Matt Barreto, a political-science associate professor at the University of Washington, predicted the gay-marriage and marijuana measures will increase turnout, especially among young voters who wouldn’t otherwise mail in a ballot.

That could help Democrat Jay Inslee and hurt Republican Rob McKenna in the governor’s race, Barreto said.

Other analysts have speculated that the wide array of expensive campaigns could squeeze some donors. For example, the state teachers union is expected to put a lot of money into fighting the charter-schools initiative — money that won’t go to the union’s preferred gubernatorial candidate, Inslee.

The two initiatives for which supporters turned in signatures Friday have been considered by voters before.

In the case of charter schools — free and public schools that operate independently of traditional districts and use unconventional techniques — voters have rejected them three times (1996, 2000 and 2004).

While the schools sometimes have proved more effective than traditional schools in the 41 states where they exist, opponents criticize their use of nonunion teachers and argue that money shouldn’t be diverted from traditional schools.

Initiative 1240, sponsored by several education advocacy groups, would authorize 40 charters. Backers turned in about 350,000 signatures.

The two-thirds requirement for tax increases, on the other hand, has won voter approval four times. But the Legislature has repeatedly repealed it, which is allowed after two years.

In addition, it was found unconstitutional in May by Superior Court Judge Bruce Heller in a decision that is likely to be reviewed by the state Supreme Court.

The latest iteration of the measure, I-1185, is sponsored by initiative activist Tim Eyman, who turned in about 320,000 signatures.

Both measures already have attracted strong financial backing: I-1240 has generated contributions of more than $2 million, mostly from billionaire technology executives, while I-1185 has raised nearly $1 million, mostly from a Washington, D.C.-based beer lobbying group and the oil industry.

But they’ve also drawn stiff opposition.
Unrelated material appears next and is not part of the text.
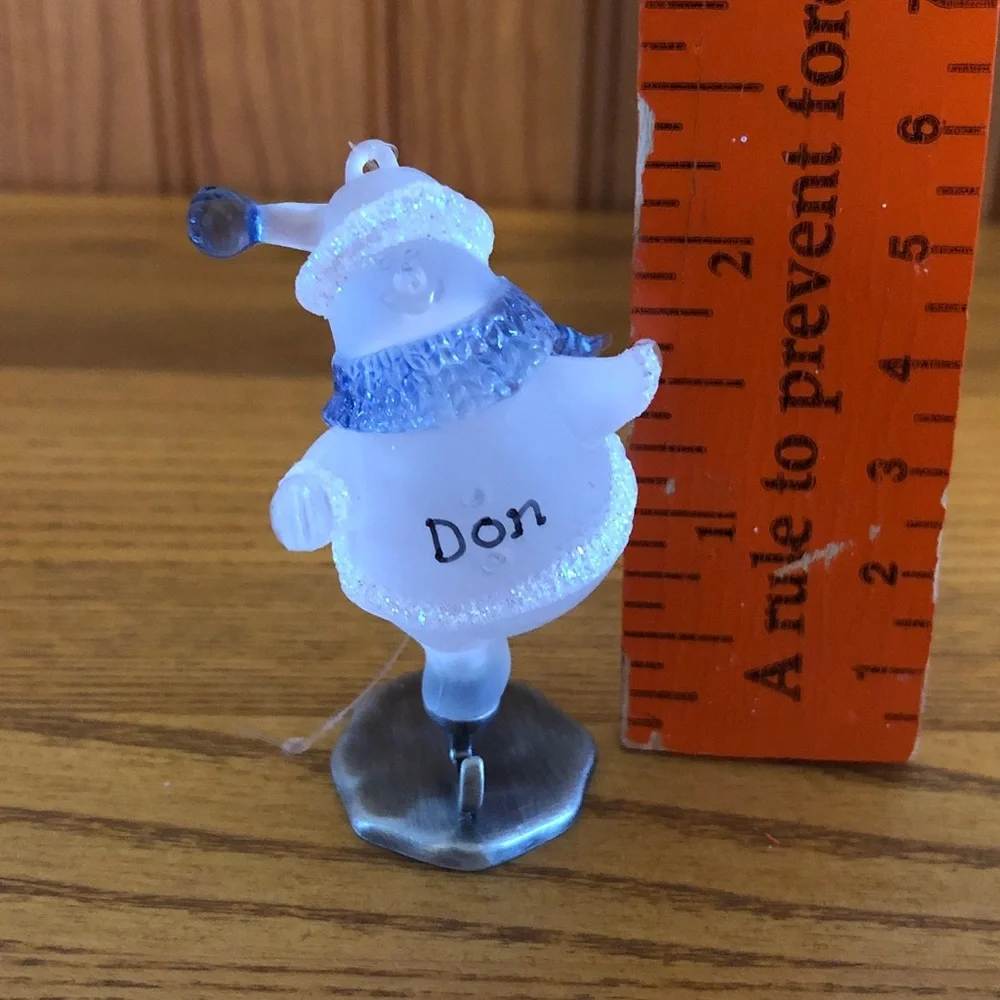 Personalized Ice Skating Snowman Ornament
The state teachers union has promised a fight on charters, and a group of civic leaders, including state Rep. Reuven Carlyle, D-Seattle, has announced a campaign to oppose Eyman’s measure.
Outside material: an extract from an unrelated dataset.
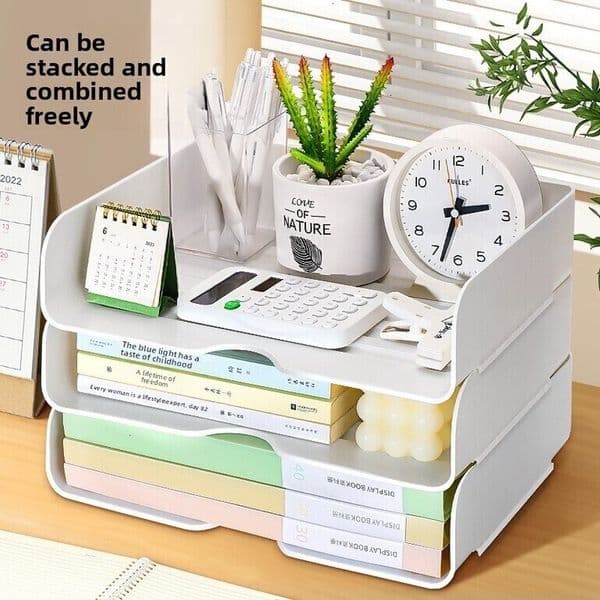 Desktop Multi-layer File Rack A4 Paper Layered Storage Office Desk White Drawer-style Organizer Box hot-sale products High quality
Two other high-profile measures have made the ballot: Referendum 74 asks voters whether to affirm a recent law allowing gay marriage; Initiative 502 seeks to legalize, regulate and tax recreational use of marijuana.

If approved, both would be firsts for the U.S. — recreational marijuana is illegal everywhere now, and gay marriage is allowed in six states but has never been approved by voters.

Two constitutional amendments, regarding use of state bond debt and investments by two public universities, also will be on the ballot.